A0 PÉ DA GOIABEIRA lopesO Brasil, para desespero dos tantos que não queremos banalizar os recursos legais de exceção, volta a falar em impeachment, ainda não assentados os traumas do golpe institucional contra a presidenta Dilma Rousseff. Periga, ao se utilizar esse remédio jurídico contra o atual ocupante do Palácio Central (verdadeiramente um presidente de fancaria, eleito de forma suspeita), transformar o impeachment em falsa panaceia para todas as crises de governo, uma espécie de aspirina que faz baixar a febre institucional, e que pode ser comprada em qualquer farmácia.

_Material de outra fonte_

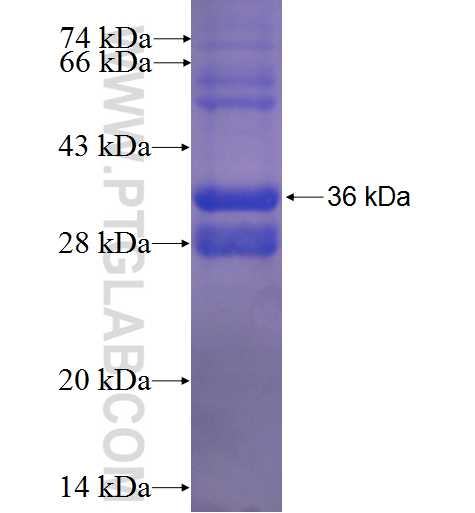 RFT1 fusion protein Ag24257 SDS-PAGE RFT1 fusion protein Ag24257 SDS-PAGE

Mas, é importante dizê-lo, baseado em opiniões de juristas, jornalistas não comprometidos e “brasilianistas” em geral, que esse Bolsonaro é diferente de tudo o que se viu no país antes e depois da democratização: é um celerado, ligado diretamente a bandidos do Rio de Janeiro (chamados “milicianos”) e comanda um bando de alucinados cuja única preocupação, ainda que usando o nome de Deus, é destruir todas as conquistas do povo brasileiro nos últimas duas décadas. Há de se perguntar se parar o tresloucado presidente neste momento reverterá danos já praticados: alguns desses danos são irreversíveis e projetam reflexos nas futuras gerações. De imediato, a visão Brasil no panorama internacional é do mais absoluto ridículo.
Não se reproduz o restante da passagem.